ごく最近、キャロル『鏡の国のアリス』をようやく読んだ。
『不思議の国のアリス』を読んだのは何十年も前で、『鏡の国』も本自体は同じころ入手した。あちこち拾い読みはしていたものの、通読はずっとしなかった。岡田忠軒訳の角川文庫版である。奥付によると昭和34(1959)年初版、平成4(1992)年66刷とのこと。古い訳だ。
おお、今Amazonをチェックしたら新訳に変わっている! だが以下の拙記事は岡田訳に準拠します。
なんで読むのにこんなに時間がかかったか、つか長らく読むのを中断していたかというと、中途半端に英語ができるせいで、つい原文がどうなっているか気になってしまうからだ。

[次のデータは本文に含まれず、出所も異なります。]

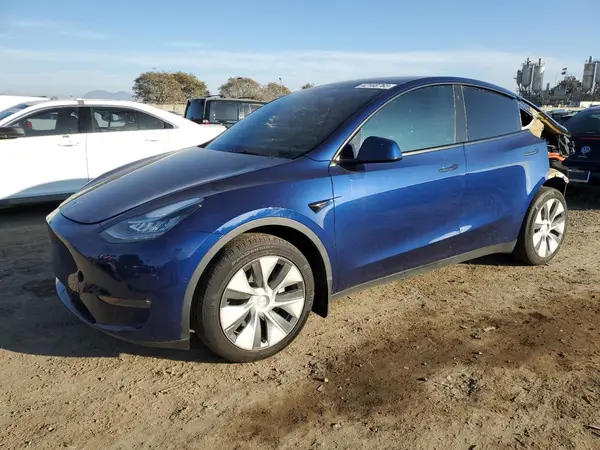 7SAYGDEE6NF572275 2022 TESLA MODEL Y - Image 1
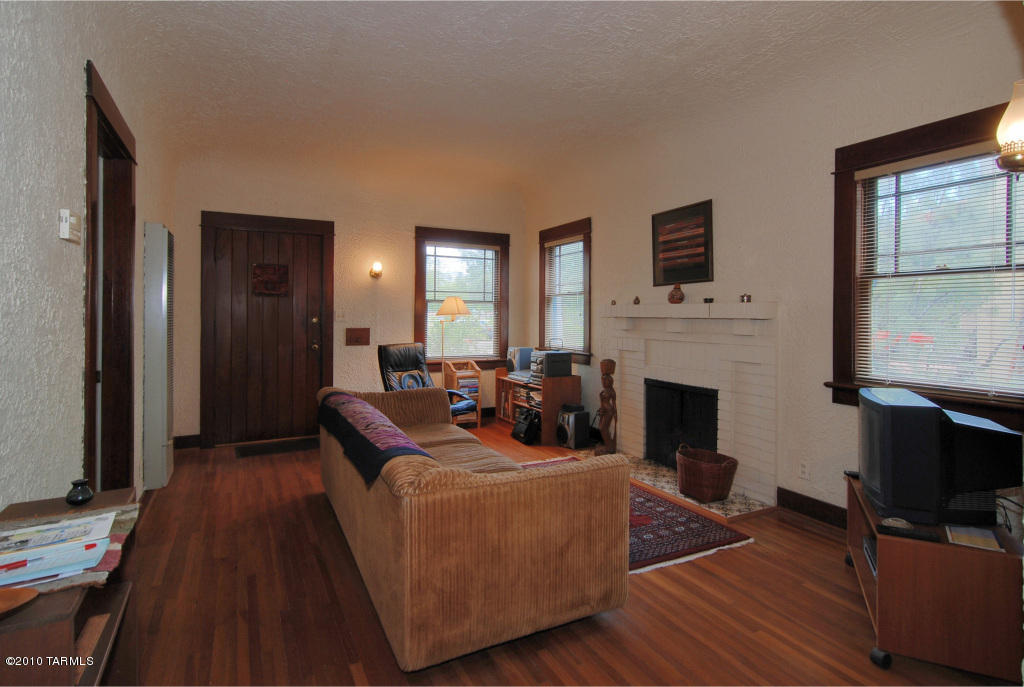 2328 E 4th St, Tucson, AZ 85719 photo 2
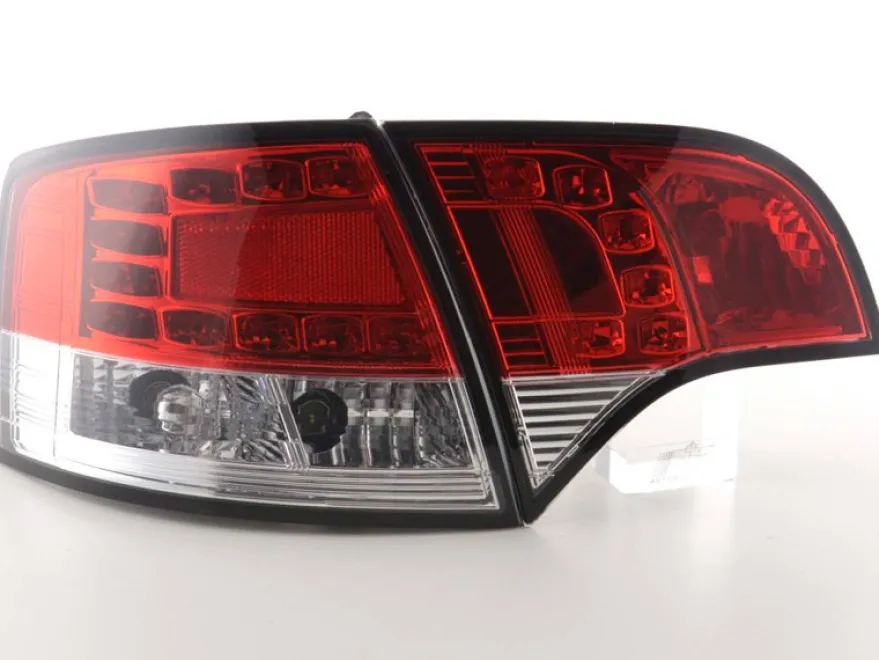 Baklampor LED Röd/Klarglas Audi A4 (B7/8E) Avant 2004-2008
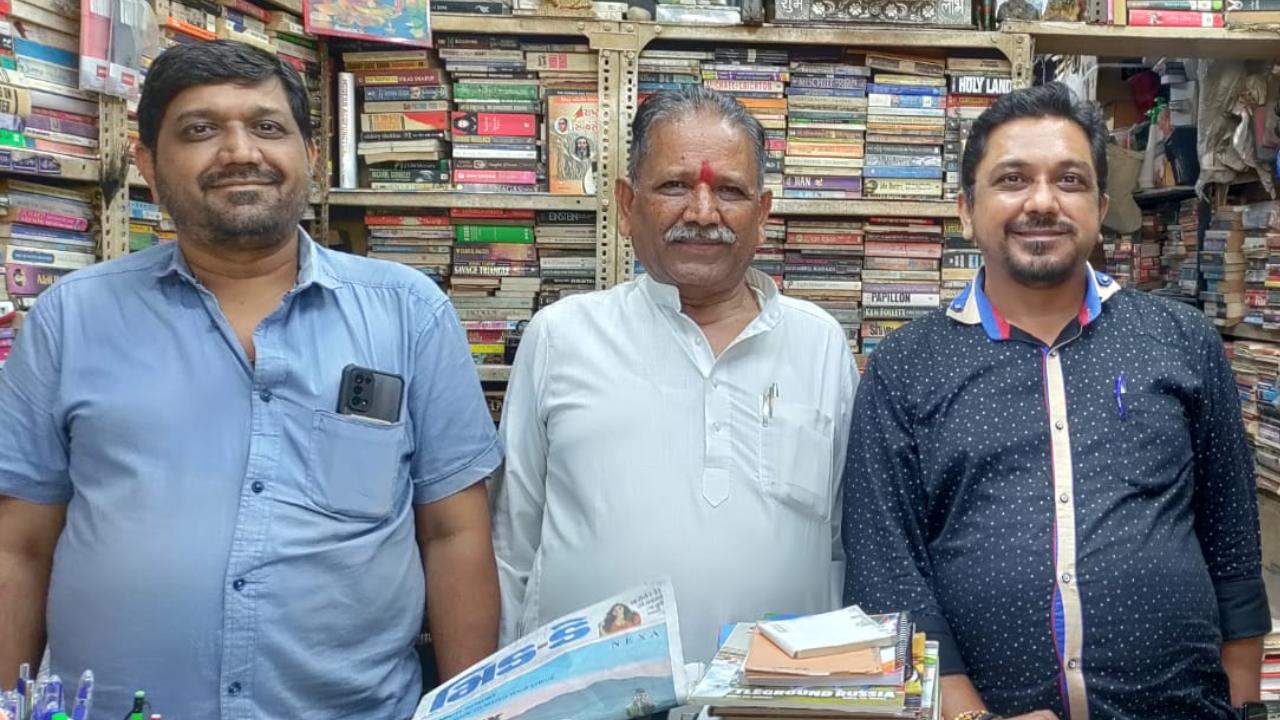 Over the years, Ramji's sons Ramesh and Jigar joined him in the business. Situated off Irla bridge towards Andheri, the bookshop has over 15,000 books of different kinds that people can choose from. Today, people can take the books for as cheap as Rs 100, and that goes up to Rs 500, but they also exchange books and give them at cheaper prices.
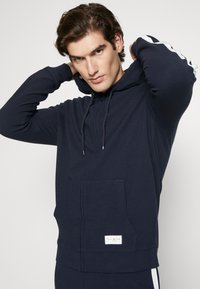 Tommy Hilfiger HOODIE ESTABLISHED - Pyjamashirt - desert sky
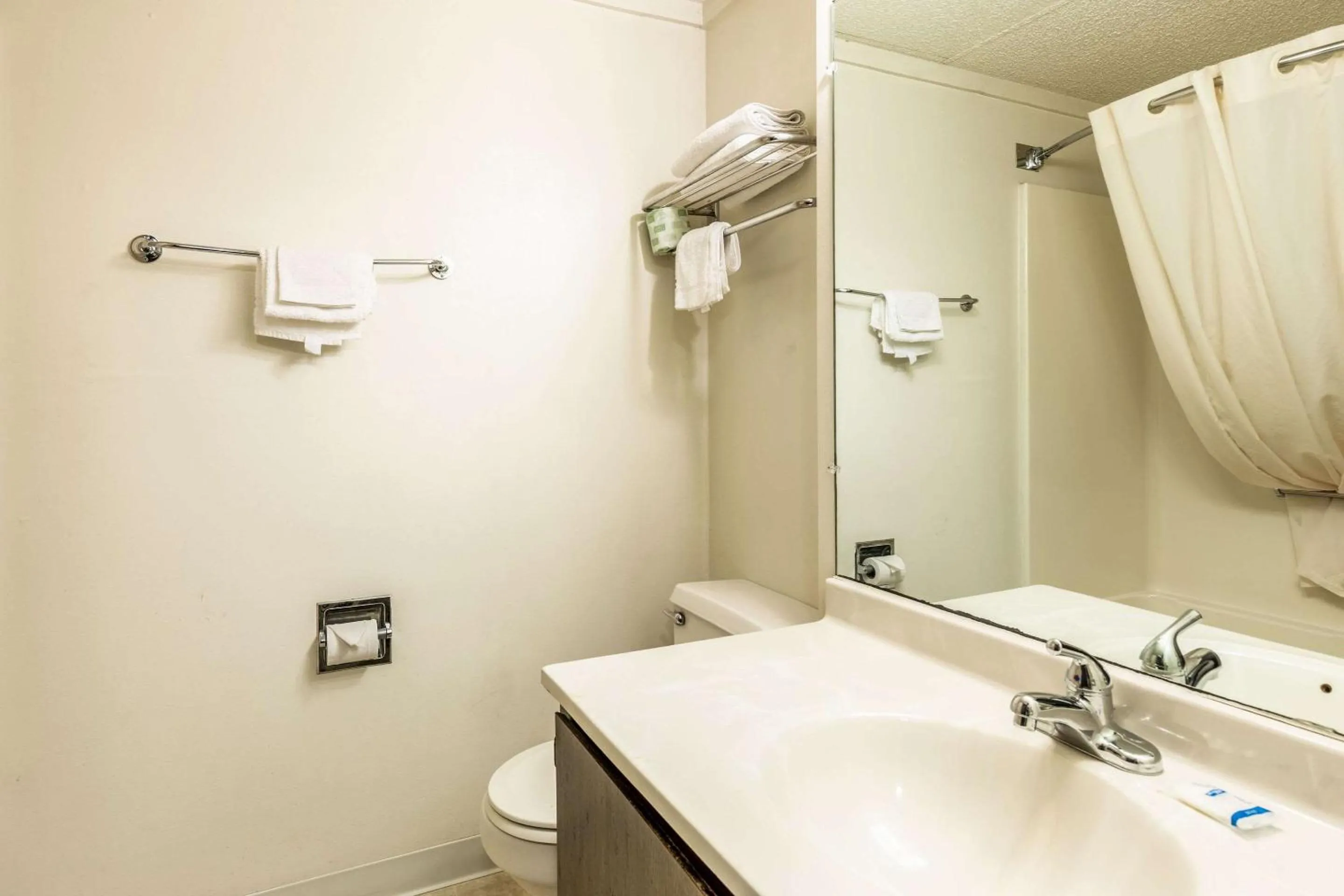 Bathroom in Value Inn Kenosha I-94 - Exit 344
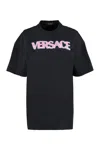 VERSACE VINTAGE BLACK COTTON T-SHIRT WITH CONTRASTING LOGO PRINT AND RIBBED NECKLINE FOR WOMEN (SS23)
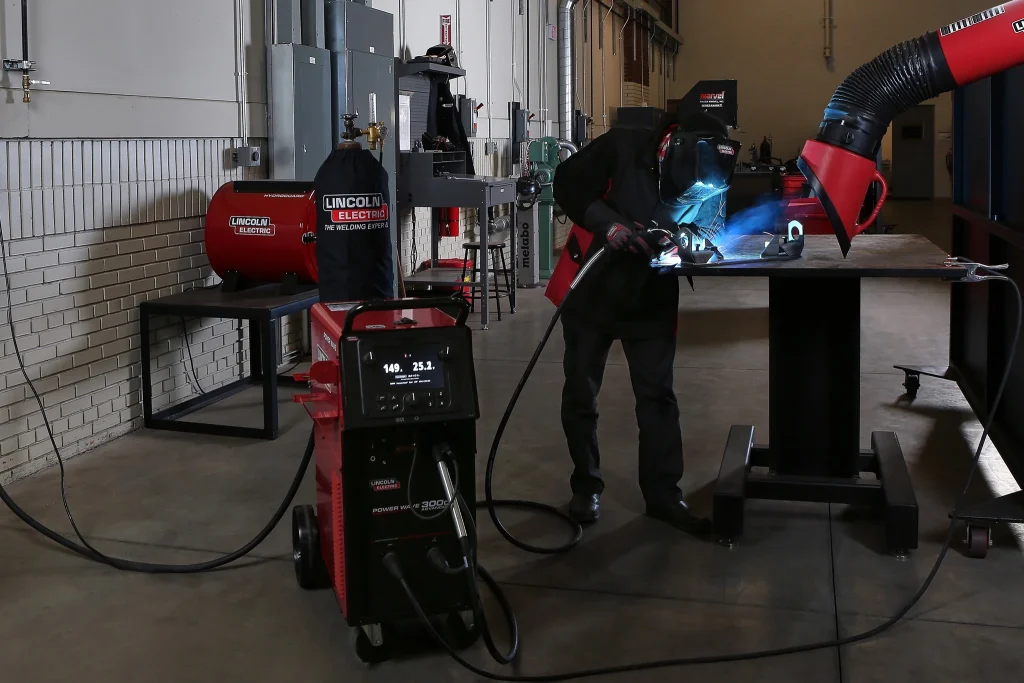 lincoln power wave 300c welder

正編の『不思議の国』にもそういう傾向はあったけど、続編『鏡の国』に至ってダジャレやダブルミーニングへの嗜好は病膏肓に入った観がある。
幸い講談社英語文庫から出ている英語版も書店の棚に並んでいたので、揃えて読んでみた。
こっちは私が持っているものと同じ表紙をAmazonが出してくれた。だが私のは奥付が1993年初版でAmazonのページは初版かどうかはわからないけど1997年という日付があるから、内容に異同があるかも知れない。
でもって日本語訳で読んでいて疑問を感じ原文に当たりたくなると、まず英語版の当該ページを探さなきゃならない。当該部が見つかってもピンポイントでそこだけ読めばいいというものではなく、少し前の部分からおさらいしたくなる。
だったら英文で読めばよさそうなものだが、私の語学力では英文のみを読み進めるのは不可能である。特にこんなダジャレとダブルミーニングに満ちた文章を。のみならずトゥイードルダムとトゥイードルディ、ハンプティダンプティ、ライオンと一角獣などマザーグースのキャラクターは次々と登場するわ、ヴィクトリア朝時代の子どもの遊びも出てくるわ、そうそう、「んなわけないだろ?」と自分の理解力を疑いたくなる突拍子もない非現実までが、しばしば登場する。英文学専攻でもなければ通読は難しいんじゃなかろうか?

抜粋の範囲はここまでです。